Although signed through the next several years on a lease with the existing stadium, there is now at least a little momentum towards a potential new facility -- or at least what comes after the current lease. Although little information was spilled, there was a notable change in tone from one year to the next at the NFL Owner's Meetings.
In his annual address at the event, NFL Commissioner Roger Goodell spoke in front of several reporters, and was asked if there are any updates on the future of New Era Field or in the potential building of a new stadium. Goodell deferred, but in doing so, also offered up that there was at least some forward motion as opposed to last year.
"I think those [updates] are better coming from the Pegulas whenever they want to share that with the community," the NFL commissioner said. "I think they’re in the very early stages."
When speaking with reporters on Tuesday, co-owner Terry Pegula was asked about the end of the current lease with New Era Field, to which his tone was notably different from the 2017 Owner's Meetings.
"I'm going to give you the same poker answer," Pegula said, according to BuffaloBills.com. "We talk about that heavily internally, but not publicly."
At the same event last year, Pegula was starkly against any and all discussion, even downplaying talk of a new stadium.
“The state just got through with a rather expensive renovation on the stadium. I don’t think it’s our place to make demands and ask for things right now," Pegula said in Phoenix one year ago. "We have a lease on our stadium until 2023, and we’re looking forward to the football season and not talking about stadiums."
However, at the same time last year, there was a hint that something more than just the current lease with New Era Field was on the horizon.
"Buffalo’s fans are legendary and rank right up there with the greatest fans in the NFL. Ownership there is evaluating their options and those options are very long-term in nature," NFL executive vice president Eric Grubman said in March of 2017.
The current lease with New Era Field is set to expire in 2023, giving the Pegulas around five years to figure out a plan of attack for what they want to do.
Joe B's Take
Last March, after Terry Pegula was quick and eager to downplay the talk of a new stadium, it made sense from a business sense. While they needed to keep an eye on what to do in the future, they were still in the first half of a lease in which public funding helped them make millions of dollars of renovations to New Era Field.
There was a clear notion, and really, good business sense to not try to upset and bite the hand that fed them, so to speak, in thinking that they were just going to publicly position themselves to ask for even more funding to work on a new stadium.
However, we are now at the halfway point of the lease.
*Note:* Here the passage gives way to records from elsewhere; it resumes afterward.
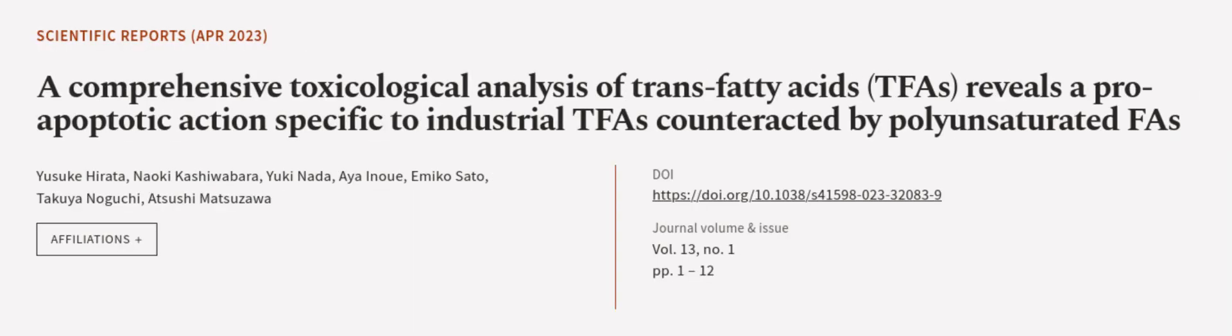This article was authored by Yusuke Hiyota, Naoki Kashiwabara, Yuki Nada, and others.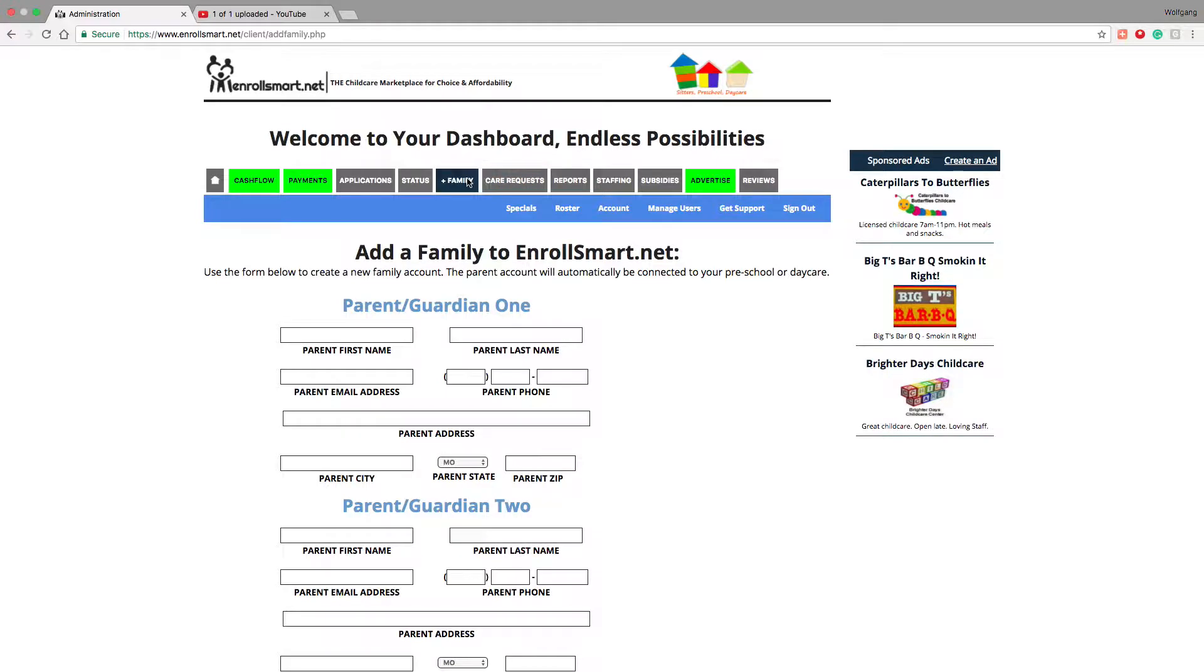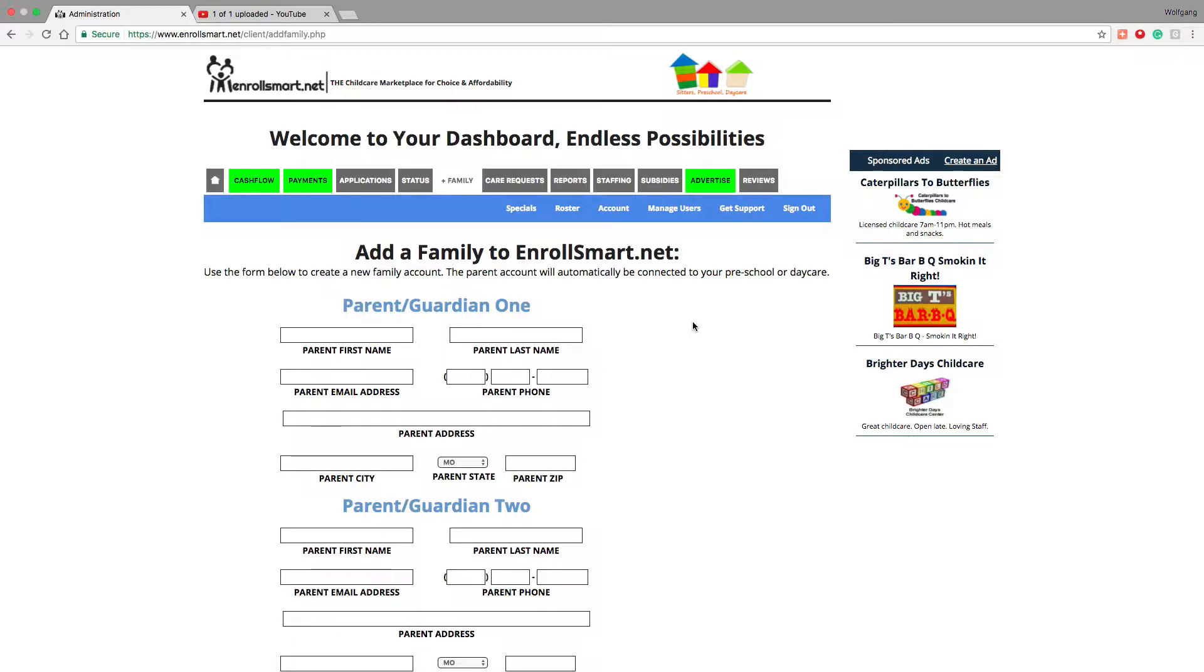That's a way to add families to EnrollSmart.net. If you want to add your existing families, all your existing families, if you're doing it manually, you might want to go ahead and add all your existing families over to EnrollSmart.net. If you have a system you want to transfer your information over from, just let us know.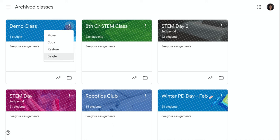If I delete it, it's going to permanently remove it from my Google Classroom account.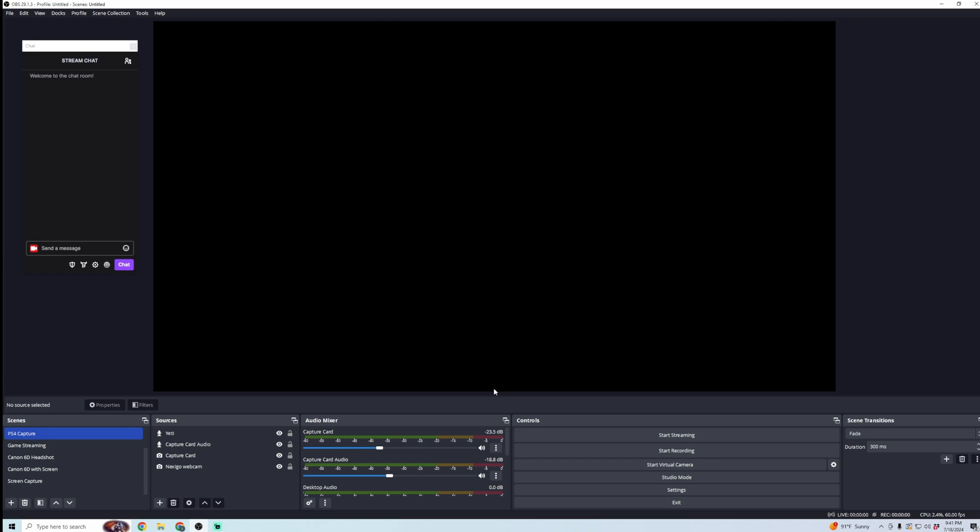In this video, I'm going to show you how to record your screen with OBS. First, you're going to want to download OBS, and then once that's downloaded,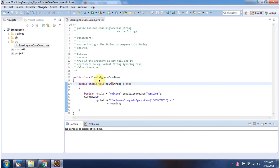Here I have declared the class equalsIgnoreCaseDemo. It has main method. First I will run this program, then I will explain.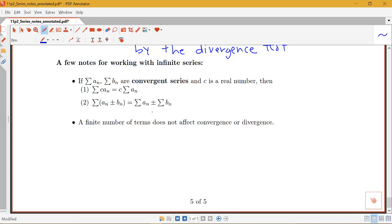A couple more notes about combining infinite series. If we have two convergent series — meaning both series converge to some finite number — we can do the following manipulations: we can pull a constant out of a sum, and the sum of a sum or difference of terms equals the sum of the first set of terms plus or minus the sum of the second set of terms.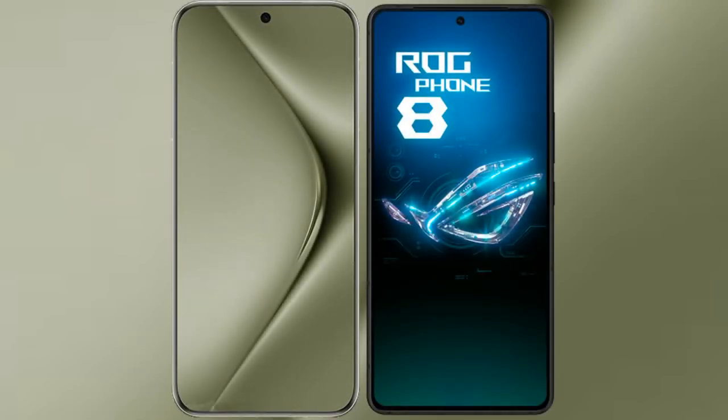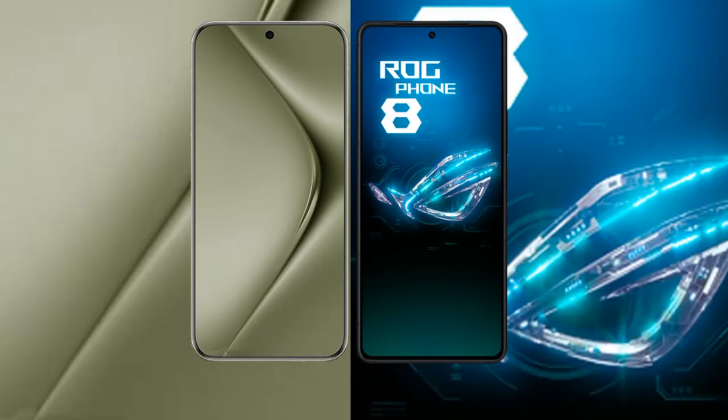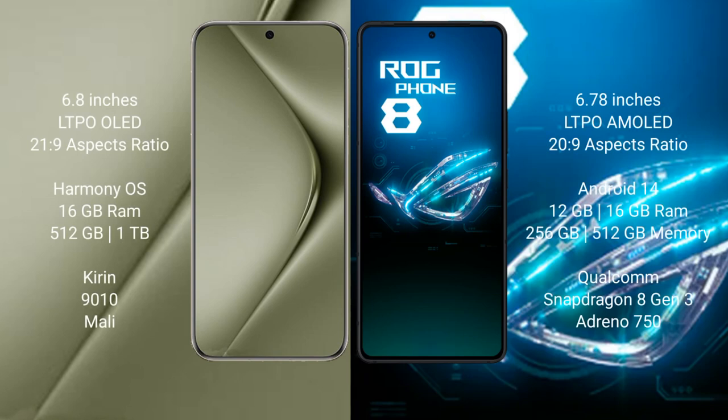I will compare the new Huawei Pura 70 Ultra with Asus ROG Phone 8. Huawei Pura 70 Ultra comes with a 6.8-inch LTPO OLED display and a refresh rate of 120Hz. Asus ROG Phone 8 comes with a 6.78-inch LTPO AMOLED display and a refresh rate of 165Hz.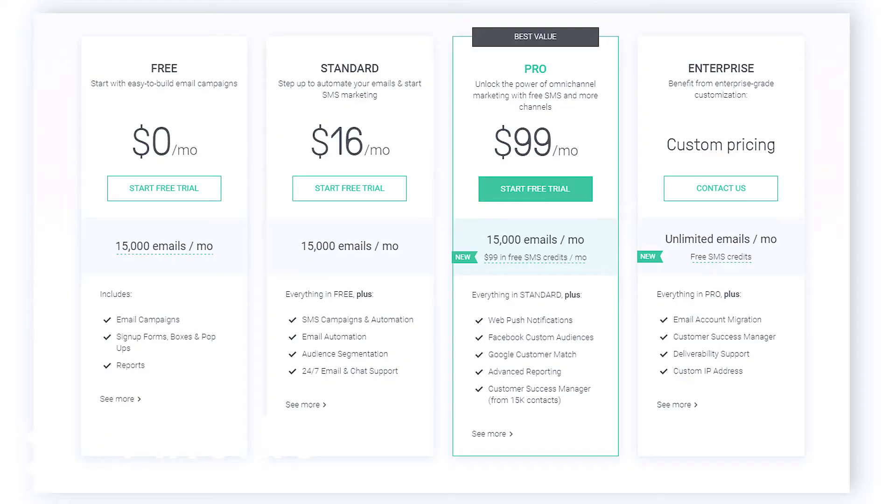First of all, let's talk about pricing. OmniSend has three different pricing tiers: the Standard — which is also known as OmniSend Lite — the Pro, and the Enterprise level, whereas Klaviyo only has one tier. OmniSend is cheaper when you compare it to Klaviyo on the standard plan; however, for the Pro plan, OmniSend is actually more expensive. Overall, OmniSend beats Klaviyo in terms of pricing as they offer different tiers.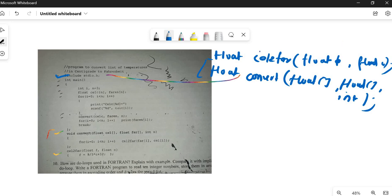Now checking the rest: `int main` is correct, `int i`, `n = 3` is also correct. `float cell[n]` and `float fahr[n]` — also correct. The `for` loop `for(i = 0; i < n; i++)` — good, correct.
With the expiration set for 2023, if the Pegulas are intent on building a new facility, the time and energy needs to be put into those efforts well ahead of the time of expiration to have it built and operational either by the time the lease is done, or shortly after with a quick short-term renegotiation to stay there while a new stadium is being built.
In regards to a new facility -- and whether or not the Bills will actually build one, I will always go back to when Terry and Kim Pegula were ratified by the NFL as the team's new owners in October of 2014. Most every single other owner that came out and met with the media during those meetings insinuated that they had an eventual plan to build a new stadium in Buffalo.
The year 2023, and the end of the lease with the current stadium, is now on the horizon. With little comments from both Goodell, and even Pegula this year just based on how the tone from last year has changed, the speculation will continue to ramp up as the days, months, and years pass by.